Monsieur le ministre, ces cinq dernières années, le Gouvernement a considéré que la lutte contre la pauvreté passait avant tout par le renforcement des incitations à travailler. Sur le fond, je ne peux qu’acquiescer. En revanche, sur la forme, nos chemins divergent. Car, pour y parvenir, vous misez systématiquement sur des dispositifs qui ne touchent pas aux salaires ; ce n’est pas nouveau.
Vous avez ainsi incité les entreprises à verser des primes exceptionnelles en 2018, en 2020 ou à développer la part variable des salaires par le biais des dispositifs comme l’intéressement et la participation, qui ont été renforcés dans la loi relative à la croissance et la transformation des entreprises (Pacte) de 2019.

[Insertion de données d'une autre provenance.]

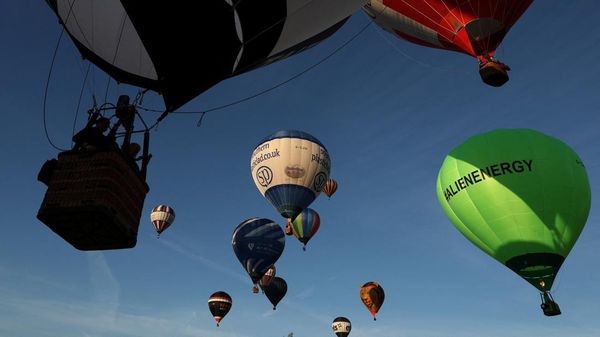 Balon Udara Warna-warni Ramaikan Festival Tahunan Bristol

Je le rappelle, ces dispositifs sont pour partie désocialisés et défiscalisés, en ce sens qu’ils visent à compléter le salaire, mais en aucun cas à s’y substituer.
De plus, le Gouvernement a également choisi d’augmenter le montant de la prime d’activité, qui est une aide sociale versée par l’État aux travailleurs modestes. Force est de constater que, par ce modus operandi, l’argent public vient à substituer des revenus à des salaires.
Après étude du présent projet de loi, en particulier de son article 1er, je constate que vous continuez sur cette voie en portant de 1 000 euros à 3 000 euros le plafond de la prime Macron.
Une telle stratégie n’est pas viable sur le temps long terme. Elle crée des effets d’aubaine pour les entreprises. En effet, à court terme, leurs salariés touchent plus pour un coût maîtrisé, mais à long terme, les salaires restent bas.
Les salariés sont, eux, perdants sur presque tous les plans. Leurs revenus deviennent imprévisibles. D’abord, une aide distribuée par l’État peut disparaître à tout moment, alors qu’un salaire ne peut être baissé de façon unilatérale par l’employeur. Ensuite, leur progression salariale de carrière est nécessairement ralentie. Enfin, ils cotisent moins pour leur retraite, car ces revenus ne sont pas soumis à cotisations sociales.
Monsieur le ministre, acceptez un débat clair et juste sur le sujet. Le groupe SER vous propose de convoquer un Grenelle des salaires réunissant à la rentrée les partenaires sociaux et patronaux, l’État et les parlementaires pour discuter de la juste répartition des salaires et, incidemment, de l’augmentation des plus bas d’entre eux.